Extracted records
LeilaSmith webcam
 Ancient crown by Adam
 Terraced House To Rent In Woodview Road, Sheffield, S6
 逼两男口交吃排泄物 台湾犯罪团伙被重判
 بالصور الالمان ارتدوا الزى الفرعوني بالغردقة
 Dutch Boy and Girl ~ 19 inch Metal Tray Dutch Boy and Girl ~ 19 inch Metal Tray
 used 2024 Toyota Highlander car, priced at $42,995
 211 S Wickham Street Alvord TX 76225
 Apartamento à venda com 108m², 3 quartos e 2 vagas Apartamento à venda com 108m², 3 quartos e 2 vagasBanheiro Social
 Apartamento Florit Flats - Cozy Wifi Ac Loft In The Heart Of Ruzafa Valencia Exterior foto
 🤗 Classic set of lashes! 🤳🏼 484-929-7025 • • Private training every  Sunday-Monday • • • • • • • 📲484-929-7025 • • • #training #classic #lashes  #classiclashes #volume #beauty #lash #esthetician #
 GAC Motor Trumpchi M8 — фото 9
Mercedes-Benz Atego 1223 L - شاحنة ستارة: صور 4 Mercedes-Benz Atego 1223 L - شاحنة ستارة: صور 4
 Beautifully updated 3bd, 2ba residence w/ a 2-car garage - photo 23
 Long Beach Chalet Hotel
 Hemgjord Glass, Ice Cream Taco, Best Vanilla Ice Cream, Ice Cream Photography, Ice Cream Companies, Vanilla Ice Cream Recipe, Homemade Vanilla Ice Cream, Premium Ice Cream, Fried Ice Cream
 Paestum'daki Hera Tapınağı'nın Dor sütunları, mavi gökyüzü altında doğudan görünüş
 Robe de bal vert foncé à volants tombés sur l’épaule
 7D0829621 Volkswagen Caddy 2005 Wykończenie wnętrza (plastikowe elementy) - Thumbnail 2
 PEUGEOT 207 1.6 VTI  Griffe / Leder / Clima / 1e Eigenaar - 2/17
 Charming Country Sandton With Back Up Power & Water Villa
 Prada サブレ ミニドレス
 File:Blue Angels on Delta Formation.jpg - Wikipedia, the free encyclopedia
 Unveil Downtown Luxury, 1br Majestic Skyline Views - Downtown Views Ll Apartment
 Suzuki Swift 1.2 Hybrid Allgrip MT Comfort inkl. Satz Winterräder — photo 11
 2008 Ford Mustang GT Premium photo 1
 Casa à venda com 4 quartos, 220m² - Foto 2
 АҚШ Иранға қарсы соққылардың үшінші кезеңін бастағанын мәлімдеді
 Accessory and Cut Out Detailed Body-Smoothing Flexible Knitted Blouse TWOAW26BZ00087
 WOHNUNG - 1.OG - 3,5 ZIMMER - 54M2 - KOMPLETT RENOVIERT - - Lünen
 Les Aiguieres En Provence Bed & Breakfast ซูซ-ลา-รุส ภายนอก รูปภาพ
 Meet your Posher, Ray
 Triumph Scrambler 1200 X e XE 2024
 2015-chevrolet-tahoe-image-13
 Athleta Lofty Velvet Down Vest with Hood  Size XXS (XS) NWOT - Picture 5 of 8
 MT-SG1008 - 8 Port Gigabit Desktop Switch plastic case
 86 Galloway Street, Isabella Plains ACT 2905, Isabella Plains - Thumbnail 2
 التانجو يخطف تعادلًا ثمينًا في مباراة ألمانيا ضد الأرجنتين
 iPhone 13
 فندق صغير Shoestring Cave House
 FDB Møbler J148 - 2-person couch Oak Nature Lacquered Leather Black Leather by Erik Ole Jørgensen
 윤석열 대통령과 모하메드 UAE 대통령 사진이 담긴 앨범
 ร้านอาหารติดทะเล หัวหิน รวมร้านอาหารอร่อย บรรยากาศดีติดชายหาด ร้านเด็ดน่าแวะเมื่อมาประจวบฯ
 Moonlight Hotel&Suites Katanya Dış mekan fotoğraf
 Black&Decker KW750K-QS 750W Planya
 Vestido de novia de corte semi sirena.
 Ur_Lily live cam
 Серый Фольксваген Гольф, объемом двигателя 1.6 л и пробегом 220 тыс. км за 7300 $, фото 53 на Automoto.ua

TASK ITEM ▸
Output the lines above between the one holding "بالصور الالمان ارتدوا الزى الفرعوني بالغردقة" and the one holding "Mercedes-Benz Atego 1223 L - شاحنة ستارة: صور 4 Mercedes-Benz", inclusive, with nothing before or after them.

RESPONSE AREA ▸
 بالصور الالمان ارتدوا الزى الفرعوني بالغردقة
 Dutch Boy and Girl ~ 19 inch Metal Tray Dutch Boy and Girl ~ 19 inch Metal Tray
 used 2024 Toyota Highlander car, priced at $42,995
 211 S Wickham Street Alvord TX 76225
 Apartamento à venda com 108m², 3 quartos e 2 vagas Apartamento à venda com 108m², 3 quartos e 2 vagasBanheiro Social
 Apartamento Florit Flats - Cozy Wifi Ac Loft In The Heart Of Ruzafa Valencia Exterior foto
 🤗 Classic set of lashes! 🤳🏼 484-929-7025 • • Private training every  Sunday-Monday • • • • • • • 📲484-929-7025 • • • #training #classic #lashes  #classiclashes #volume #beauty #lash #esthetician #
 GAC Motor Trumpchi M8 — фото 9
Mercedes-Benz Atego 1223 L - شاحنة ستارة: صور 4 Mercedes-Benz Atego 1223 L - شاحنة ستارة: صور 4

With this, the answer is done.